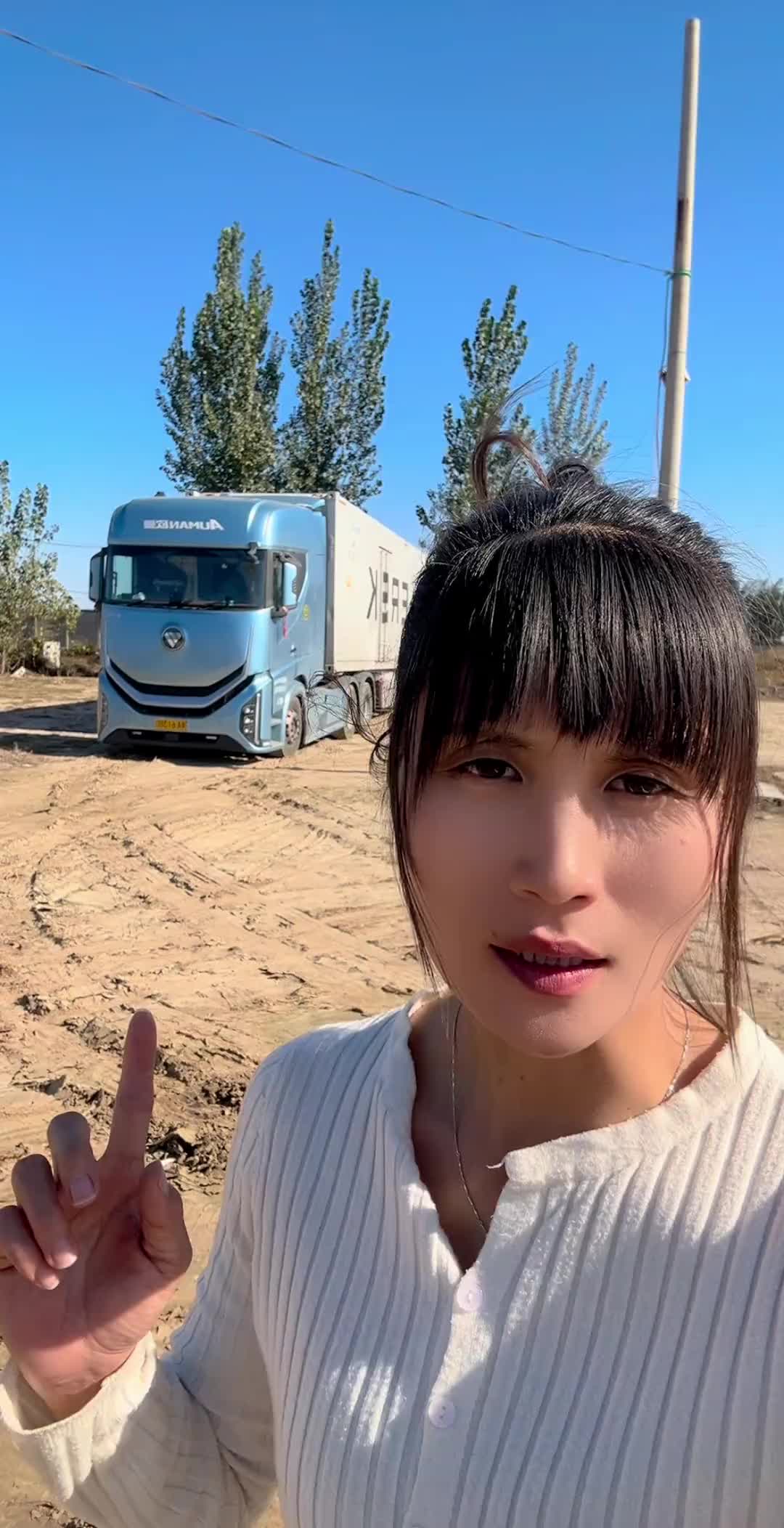 货主几句朴实的话语 一顿简单的饭菜 对司机温和的态度 就像黑暗里的一束光 照亮了咱们脚下的路 也照亮了司机的心 愿咱们司机每一段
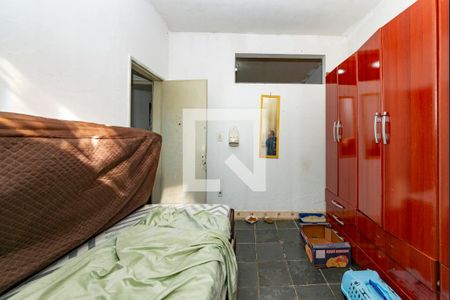 Casa à venda com 360m², 3 quartos e 8 vagas Casa à venda com 360m², 3 quartos e 8 vagasQuarto 2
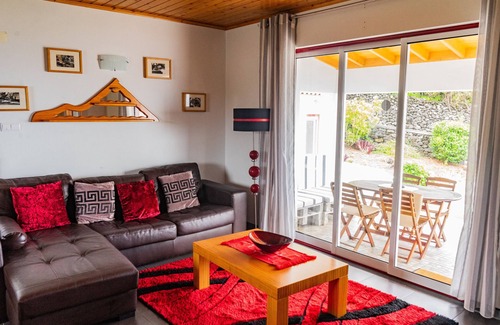 Calheta de Nesquim Apartment | Apartment 'Casa Da Vigia T2' with Sea View, Private Garden and Wi-Fi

## WHAT YOU ARE ASKED TO DO
Return all the material exactly, skipping pictures.

## OUTPUT OF THE EXERCISE
 货主几句朴实的话语 一顿简单的饭菜 对司机温和的态度 就像黑暗里的一束光 照亮了咱们脚下的路 也照亮了司机的心 愿咱们司机每一段
 Casa à venda com 360m², 3 quartos e 8 vagas Casa à venda com 360m², 3 quartos e 8 vagasQuarto 2
 Calheta de Nesquim Apartment | Apartment 'Casa Da Vigia T2' with Sea View, Private Garden and Wi-Fi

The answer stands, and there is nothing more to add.